-- TASK REQUIREMENTS --
Consider the records below. How many of their lines include the word "Benz"? State the number and nothing else.

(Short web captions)
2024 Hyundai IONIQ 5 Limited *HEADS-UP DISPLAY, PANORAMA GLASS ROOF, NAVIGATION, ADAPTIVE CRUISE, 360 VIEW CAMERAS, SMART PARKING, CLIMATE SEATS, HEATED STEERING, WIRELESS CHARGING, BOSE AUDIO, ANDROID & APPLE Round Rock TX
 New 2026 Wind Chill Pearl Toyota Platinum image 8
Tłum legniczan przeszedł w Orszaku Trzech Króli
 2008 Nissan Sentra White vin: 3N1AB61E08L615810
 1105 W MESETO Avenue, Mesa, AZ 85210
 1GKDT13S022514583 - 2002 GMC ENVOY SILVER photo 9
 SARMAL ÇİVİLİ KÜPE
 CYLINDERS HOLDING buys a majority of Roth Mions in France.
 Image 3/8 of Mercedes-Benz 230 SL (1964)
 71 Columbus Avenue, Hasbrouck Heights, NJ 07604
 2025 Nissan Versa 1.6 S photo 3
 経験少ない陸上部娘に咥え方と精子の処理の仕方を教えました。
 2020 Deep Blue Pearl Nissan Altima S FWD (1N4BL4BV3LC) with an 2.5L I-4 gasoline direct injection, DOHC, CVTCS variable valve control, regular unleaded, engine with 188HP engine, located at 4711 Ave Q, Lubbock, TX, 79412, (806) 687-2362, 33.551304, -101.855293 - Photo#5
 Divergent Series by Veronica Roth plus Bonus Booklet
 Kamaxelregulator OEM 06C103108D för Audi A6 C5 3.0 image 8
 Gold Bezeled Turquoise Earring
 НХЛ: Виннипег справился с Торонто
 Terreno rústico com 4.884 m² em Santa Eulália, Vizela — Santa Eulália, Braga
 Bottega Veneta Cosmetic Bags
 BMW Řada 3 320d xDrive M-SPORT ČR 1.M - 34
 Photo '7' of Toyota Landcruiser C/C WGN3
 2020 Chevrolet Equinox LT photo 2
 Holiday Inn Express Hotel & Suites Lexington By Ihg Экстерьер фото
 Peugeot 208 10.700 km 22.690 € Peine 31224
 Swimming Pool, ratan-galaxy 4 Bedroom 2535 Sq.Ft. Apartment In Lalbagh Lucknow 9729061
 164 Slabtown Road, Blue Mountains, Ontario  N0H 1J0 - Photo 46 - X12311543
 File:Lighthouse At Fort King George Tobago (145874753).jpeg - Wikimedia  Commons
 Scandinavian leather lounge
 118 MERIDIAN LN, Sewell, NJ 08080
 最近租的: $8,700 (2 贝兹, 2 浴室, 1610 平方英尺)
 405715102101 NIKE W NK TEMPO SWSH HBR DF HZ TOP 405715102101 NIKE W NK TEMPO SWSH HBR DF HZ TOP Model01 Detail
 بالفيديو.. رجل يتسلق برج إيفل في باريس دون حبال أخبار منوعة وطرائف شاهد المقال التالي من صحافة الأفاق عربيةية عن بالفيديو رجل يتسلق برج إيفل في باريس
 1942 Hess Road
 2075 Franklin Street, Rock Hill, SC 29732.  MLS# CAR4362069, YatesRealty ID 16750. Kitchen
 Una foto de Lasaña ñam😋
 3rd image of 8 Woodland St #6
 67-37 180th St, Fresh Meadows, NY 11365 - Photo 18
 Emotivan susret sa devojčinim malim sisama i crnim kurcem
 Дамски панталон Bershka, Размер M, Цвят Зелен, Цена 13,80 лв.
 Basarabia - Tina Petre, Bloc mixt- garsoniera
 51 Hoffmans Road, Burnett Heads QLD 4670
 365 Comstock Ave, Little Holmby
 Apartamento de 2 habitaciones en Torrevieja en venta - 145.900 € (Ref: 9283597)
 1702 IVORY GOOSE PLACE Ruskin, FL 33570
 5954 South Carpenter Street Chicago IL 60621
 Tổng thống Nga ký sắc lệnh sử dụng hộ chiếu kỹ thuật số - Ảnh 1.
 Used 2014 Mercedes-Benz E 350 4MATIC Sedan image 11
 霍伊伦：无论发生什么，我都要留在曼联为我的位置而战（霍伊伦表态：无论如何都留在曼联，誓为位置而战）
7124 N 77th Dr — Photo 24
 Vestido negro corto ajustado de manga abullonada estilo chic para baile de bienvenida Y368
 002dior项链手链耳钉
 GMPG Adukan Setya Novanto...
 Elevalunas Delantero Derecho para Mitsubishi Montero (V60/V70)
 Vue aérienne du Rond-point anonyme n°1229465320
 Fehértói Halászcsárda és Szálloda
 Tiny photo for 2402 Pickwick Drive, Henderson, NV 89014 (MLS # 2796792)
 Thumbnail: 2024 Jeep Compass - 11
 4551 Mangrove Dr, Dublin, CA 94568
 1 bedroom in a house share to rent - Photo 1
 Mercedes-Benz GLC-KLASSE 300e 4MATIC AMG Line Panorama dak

-- RESULT OF THE TASK --
3